▶ [Required work]
The lines in the listing below are to be given again exactly, starting at the line holding "Golden domes of" and ending at the line holding "Erkek Mint Yeşil". Do not include pictures.

▶ [Record extracts]
※ ※ ※
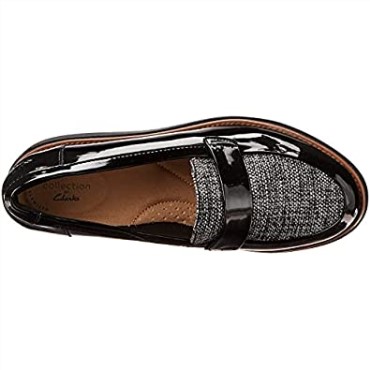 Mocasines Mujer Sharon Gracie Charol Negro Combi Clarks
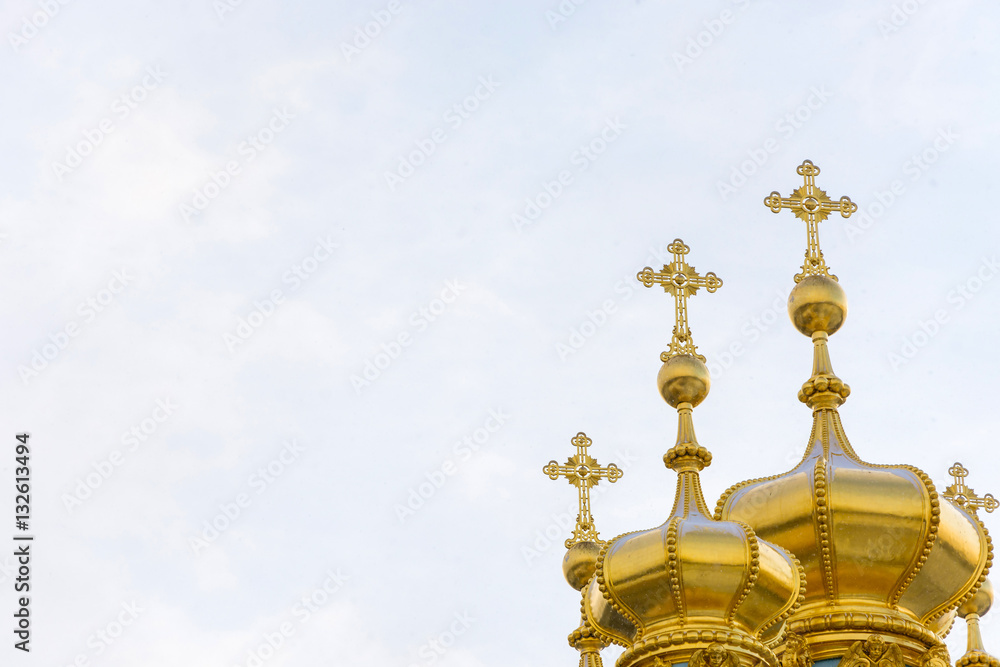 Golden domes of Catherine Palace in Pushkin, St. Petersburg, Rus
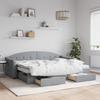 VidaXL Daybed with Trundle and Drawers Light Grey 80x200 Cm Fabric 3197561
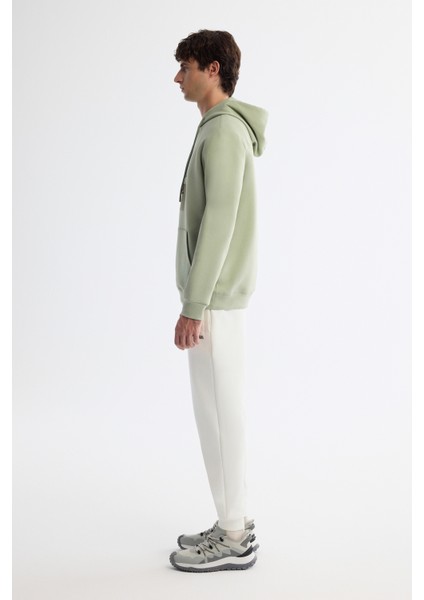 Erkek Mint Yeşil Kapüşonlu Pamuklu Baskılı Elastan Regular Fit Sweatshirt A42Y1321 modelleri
※ ※ ※
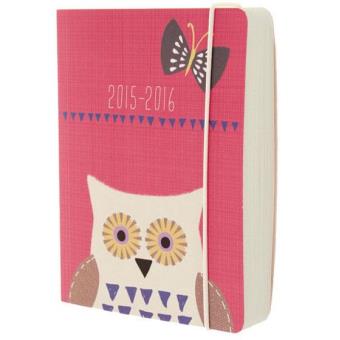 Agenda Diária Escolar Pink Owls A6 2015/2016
※ ※ ※
▶ [Answer to this task]
 Golden domes of Catherine Palace in Pushkin, St. Petersburg, Rus
 VidaXL Daybed with Trundle and Drawers Light Grey 80x200 Cm Fabric 3197561
 Erkek Mint Yeşil Kapüşonlu Pamuklu Baskılı Elastan Regular Fit Sweatshirt A42Y1321 modelleri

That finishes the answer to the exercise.